> **DATA RECORDS**:
►

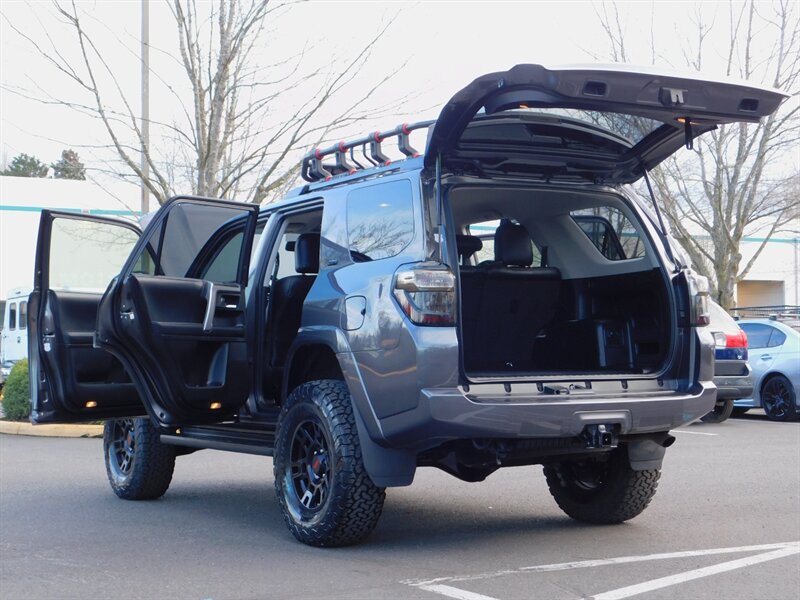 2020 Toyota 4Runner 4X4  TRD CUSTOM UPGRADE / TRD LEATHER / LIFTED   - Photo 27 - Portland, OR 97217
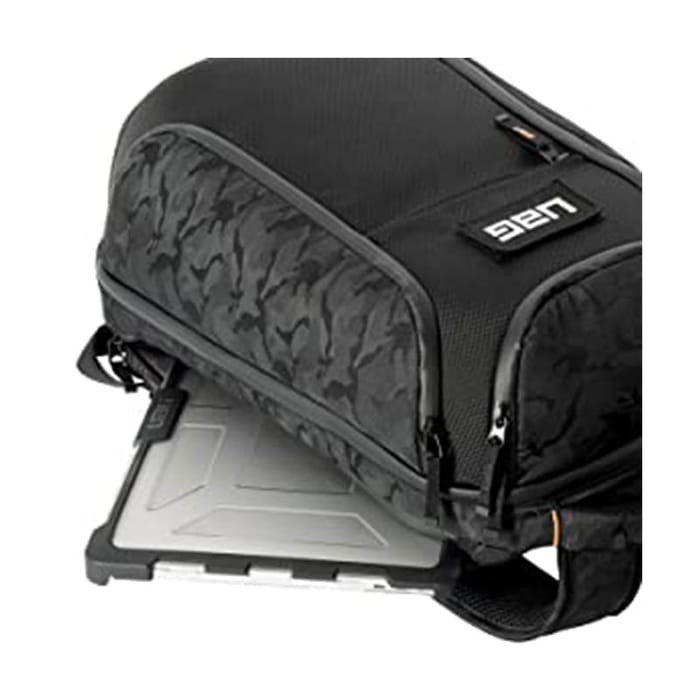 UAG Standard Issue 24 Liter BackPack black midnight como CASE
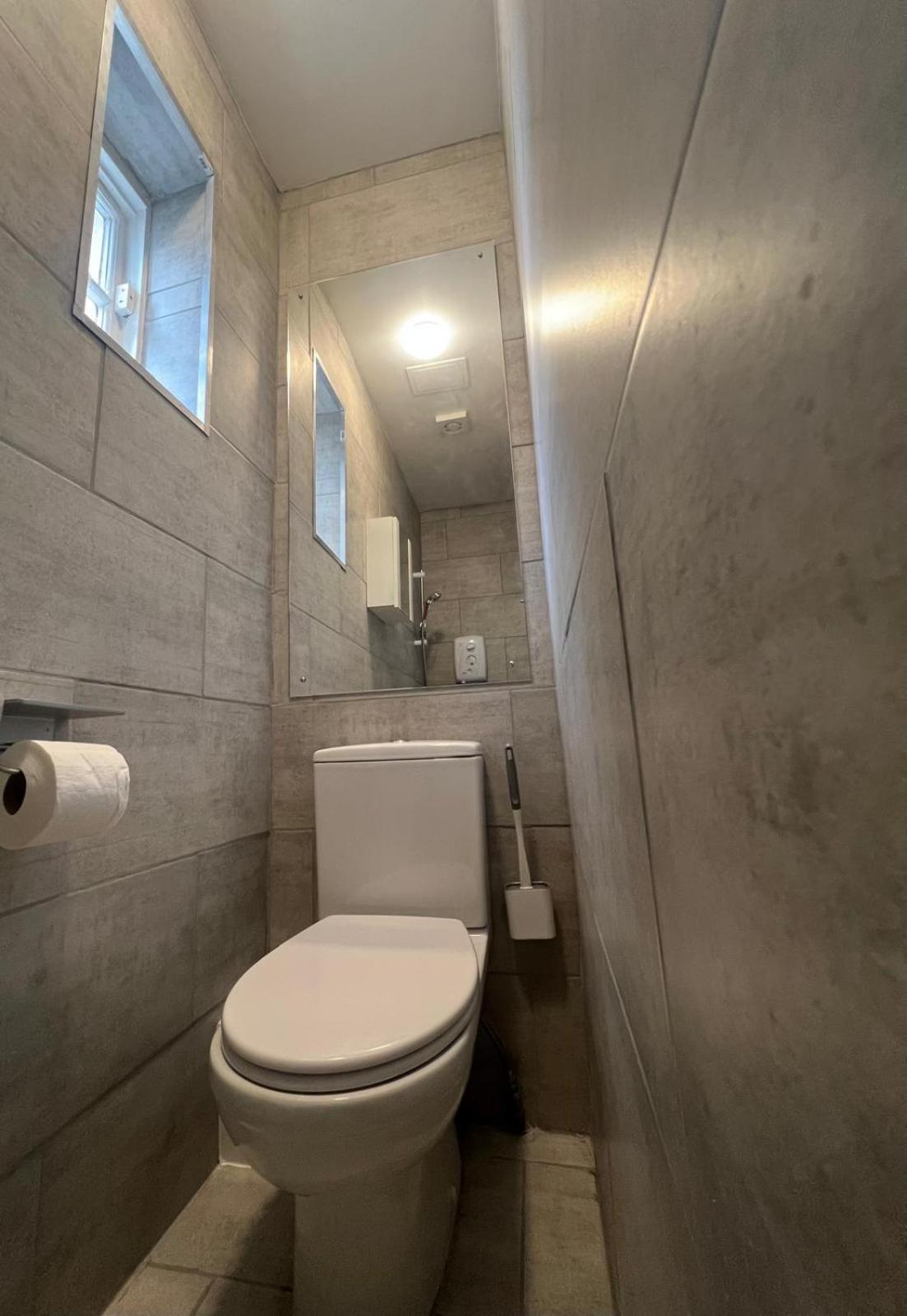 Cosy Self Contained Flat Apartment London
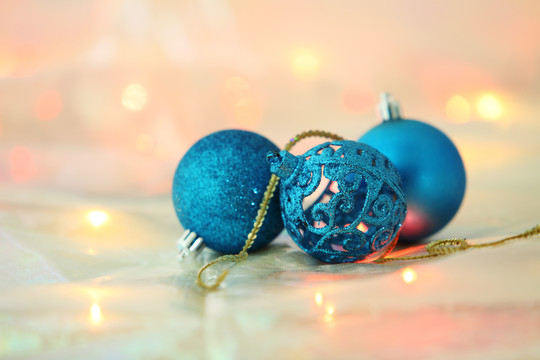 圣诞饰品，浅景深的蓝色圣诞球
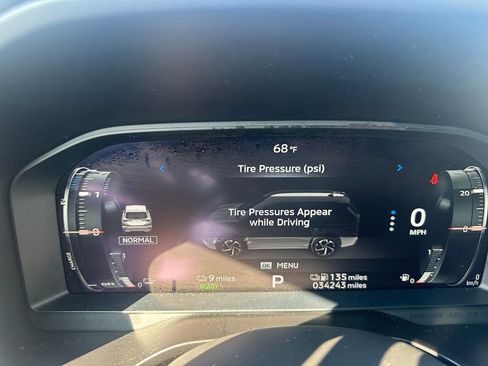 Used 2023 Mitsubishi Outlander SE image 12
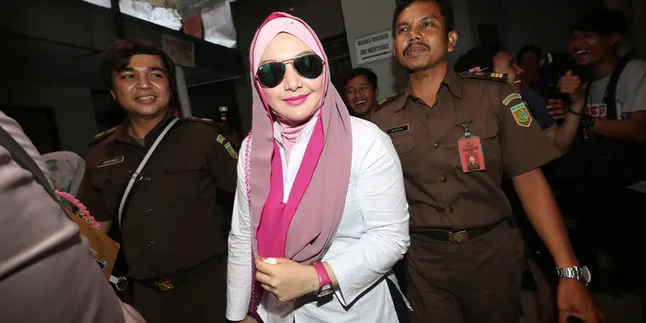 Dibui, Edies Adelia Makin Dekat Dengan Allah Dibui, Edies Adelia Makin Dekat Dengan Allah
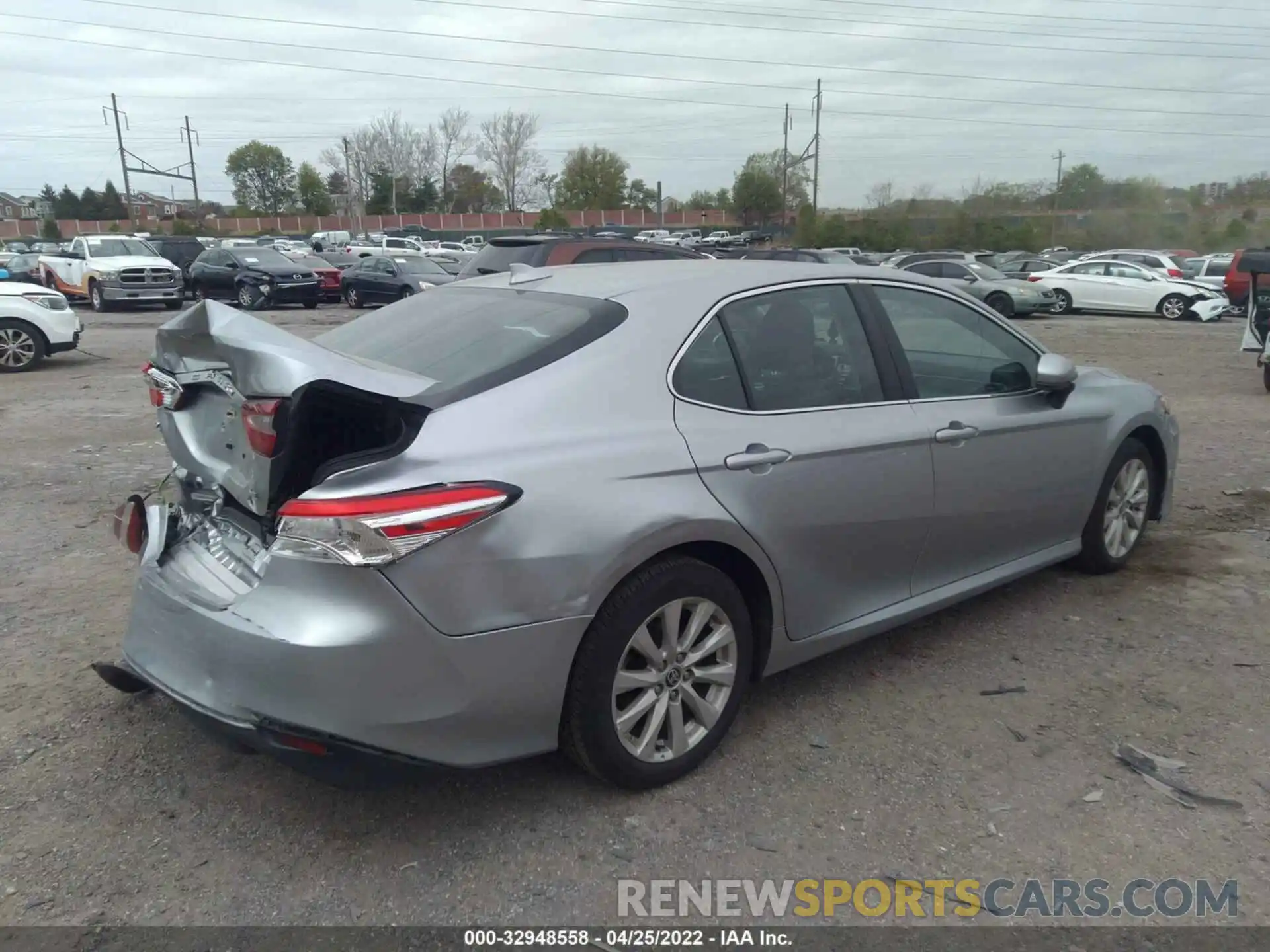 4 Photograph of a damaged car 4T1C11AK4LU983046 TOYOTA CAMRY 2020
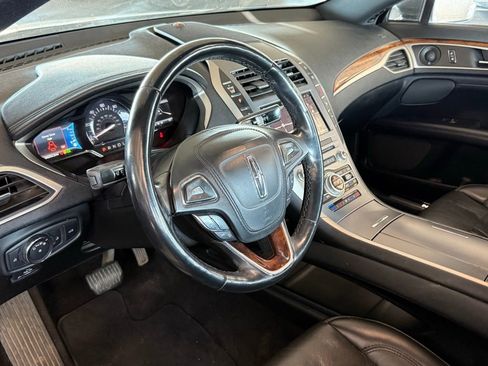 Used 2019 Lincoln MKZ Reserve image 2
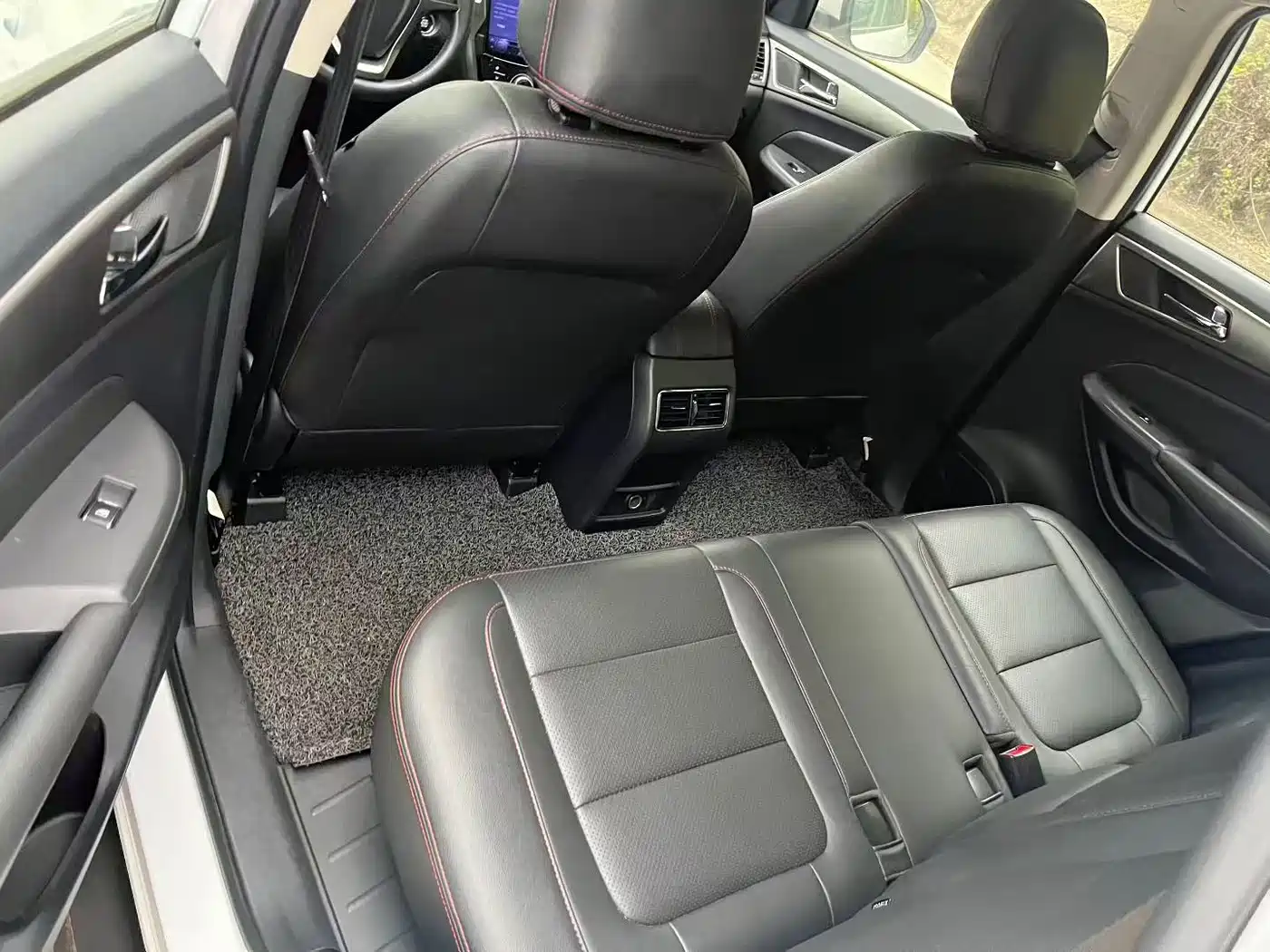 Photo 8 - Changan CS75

◄

> **WHAT THE EXERCISE ASKS**:
Stop after the line containing "圣诞饰品，浅景深的蓝色圣诞球": copy the records exactly from the first line up to there, leaving pictures out.

> **ANSWER SPACE**:
 2020 Toyota 4Runner 4X4  TRD CUSTOM UPGRADE / TRD LEATHER / LIFTED   - Photo 27 - Portland, OR 97217
 UAG Standard Issue 24 Liter BackPack black midnight como CASE
 Cosy Self Contained Flat Apartment London
 圣诞饰品，浅景深的蓝色圣诞球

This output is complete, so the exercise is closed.